Do tego autorka umiejętnie odkrywa przed nami karty, wplata nowe wątki, ale nie zapomina o połączeniu starych faktów z aktualnymi. Przez to dostajemy książkę, której nie chcemy odkładać. Pragniemy jak najszybciej dowiedzieć się, co będzie dalej, aby zaoszczędzić sobie tej nerwówki. I nie jest to, ta nerwówka w sensie, w jakimkolwiek stopniu negatywne określenie akurat w tym przypadku.
Całość, która została stworzona przez autorkę, skłania do przemyśleń. To, jaką drogę przeszli wspólnie Kenzie i Lyall, jest dowodem na to, że relacje z ludźmi nie są proste, a miłość to coś więcej niż te pierwsze etapy zauroczenia, trzymanie się za ręce, przytulanki. Czytelnik ma świadomość tego, jak wyglądała relacja głównych bohaterów, z czego się zrodziła i ile musiała przetrwać. Lyall i Kenzie musieli sobie wybaczać, musieli się wspierać, ale przede wszystkim – każde z nich musiało wewnętrznie coś przepracować, aby poradzić sobie z demonami przeszłości i z tym, jakie kłody los rzuca pod ich nogi.
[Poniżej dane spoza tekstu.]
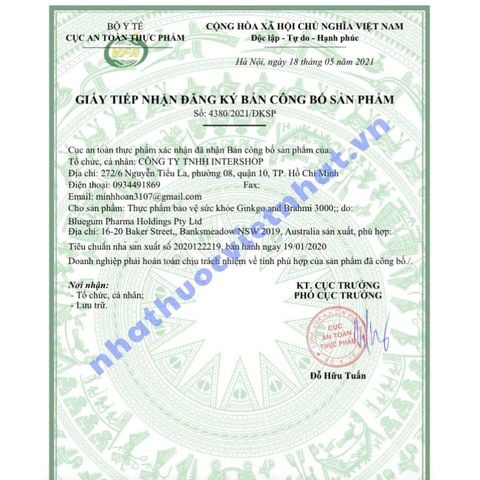 Viên uống bổ não Ginkgo and Brahmi 3000 Henry Blooms, hoạt huyết, cải thiện tuần hoàn não, hộp 30 viên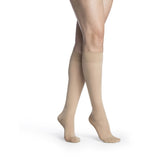 SIGVARIS 752C Womens Midsheer Calf High Socks-Large Long-Natural Beige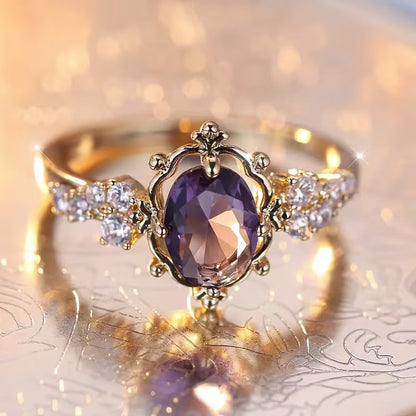 Anillo Princesa de Amatista Dorado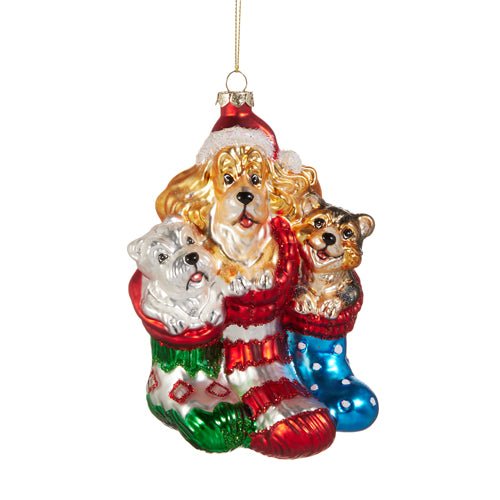 5-inch multicolor glass ornament featuring dogs peeking out of a festive Christmas stocking.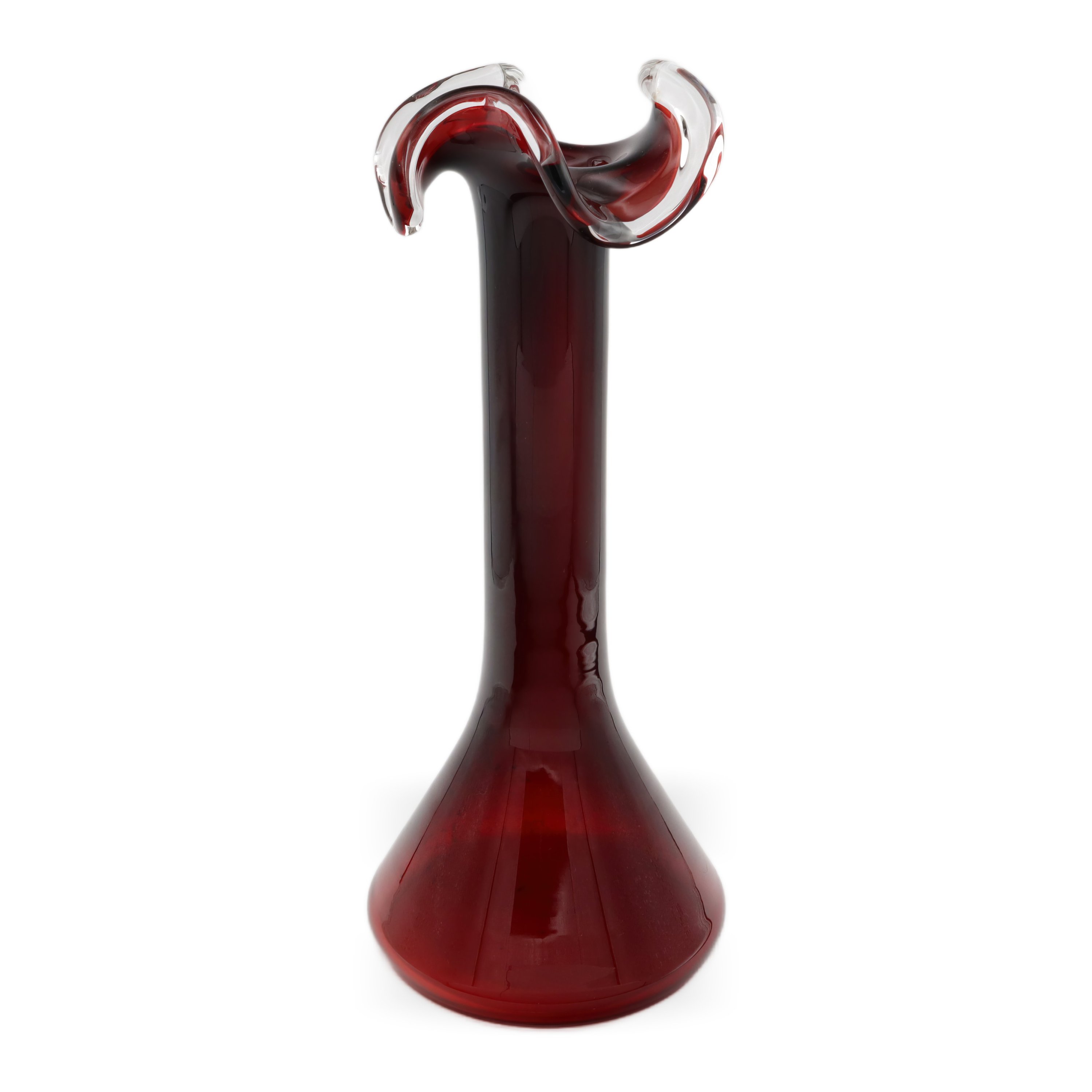 Red Bohemia Tulip Vase - Czech Glass - Hand Blown Ruby Art Vase - Vintage Floral Decor - Mid Century Bohemian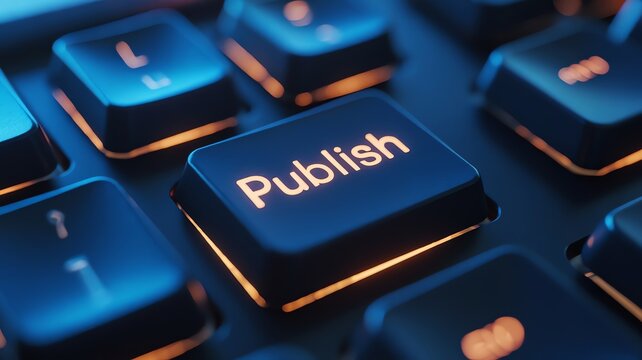 Close up of glowing publish button on computer keyboard for content creation social media marketing
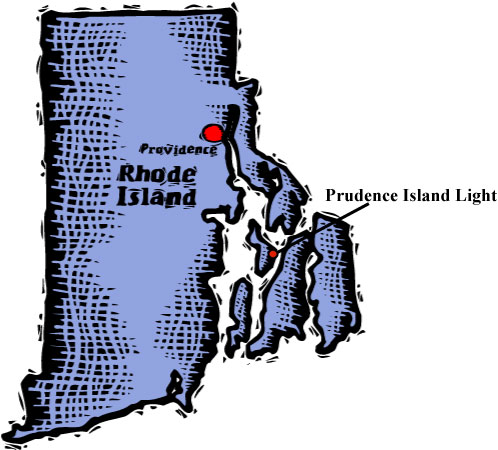 Location of Prudence Island Light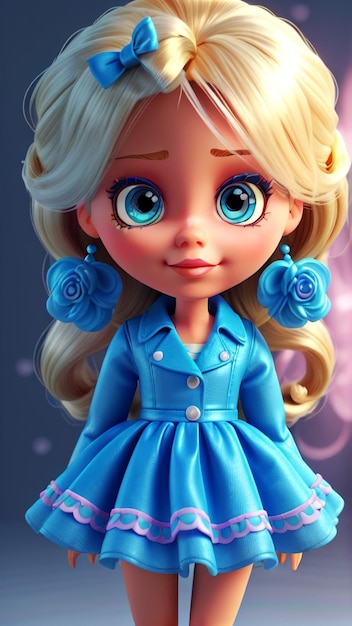 Una bambola Barbie carina che indossa un vestito blu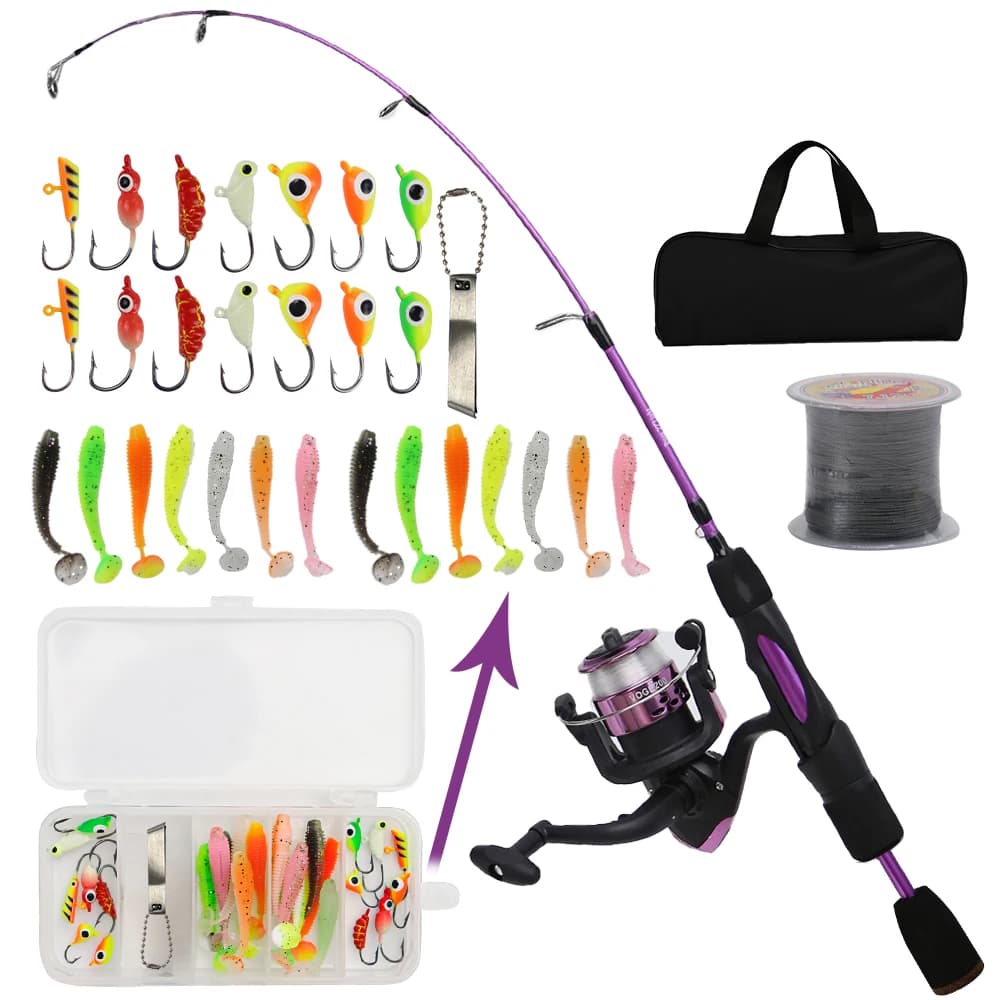 Ice fishing rod Combined reel 68 cm carbon fiber winter barrel and transmission ratio 5.2:1:1 spinning reel Fishing bait Hooks Accessories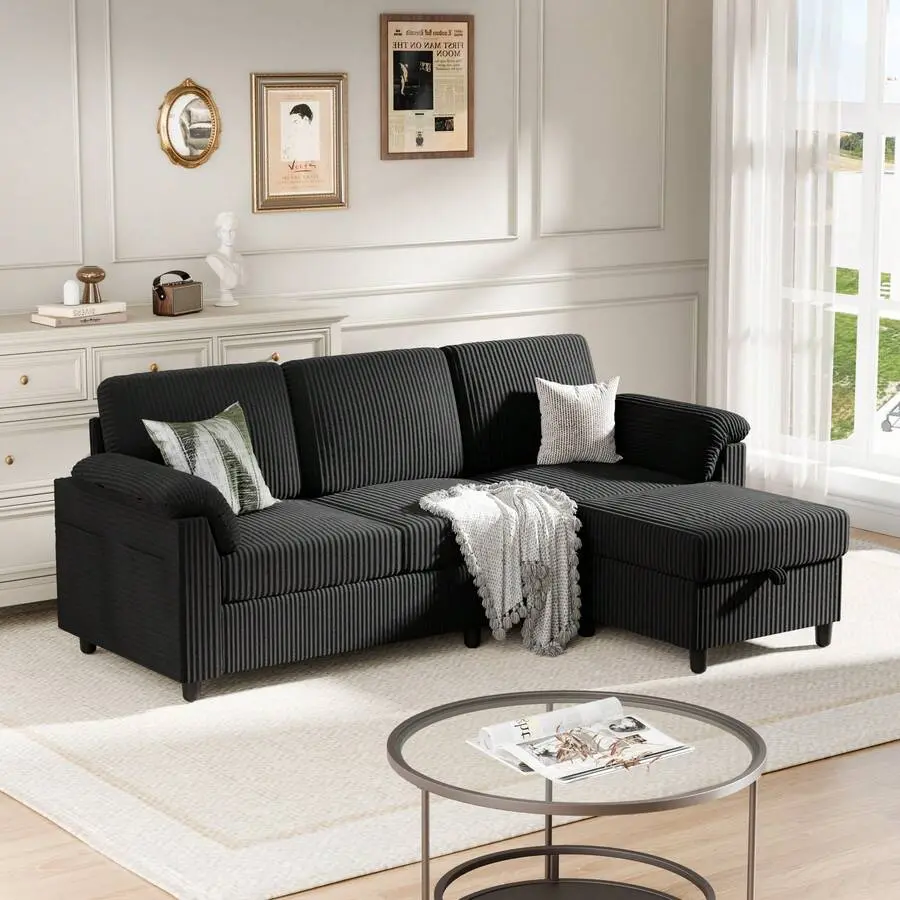Small Modern 3-Seat Reversible Convertible L-Shaped Sectional Sofa - Linen Fabric Comfy Couch with Removable Pillows, Modular Living Space Saving Furniture for Apartments, Indoor Home & Office Use, Three Seats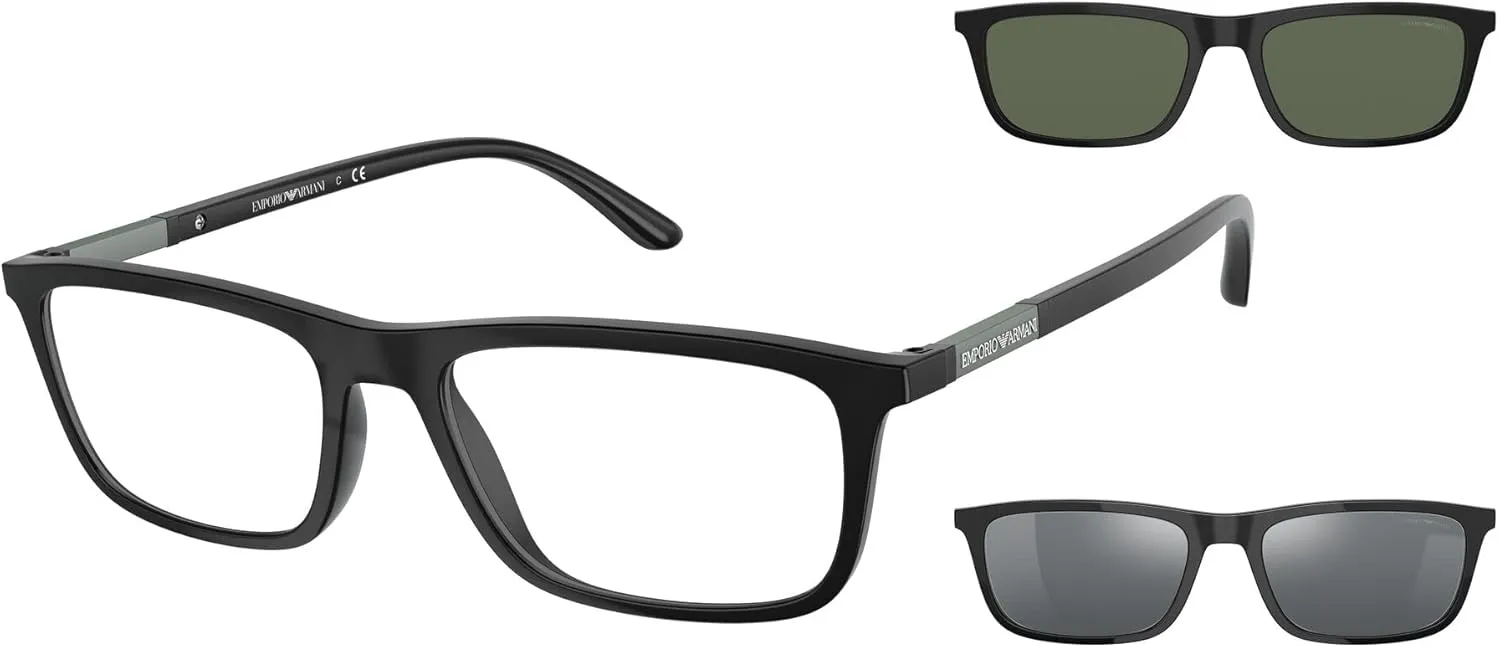 Emporio Armani Men's Ea4160 Prescription Eyewear Frames with Two Interchangeable Sun Clip-ons Rectangular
Jeśli macie ochotę na przeczytanie serii, w której dzieje się bardzo dużo, a także liczycie na świetne zwroty akcji, zaskakujące elementy i charakterne postaci z temperamentem, to sięgnijcie po trylogię Leny Kiefer. Jest to pewnego rodzaju powiew świeżości, bazujący na wątku kryminalnym, procesie sądowym.
Za egzemplarz do recenzji dziękuję Wydawnictwu Jaguar.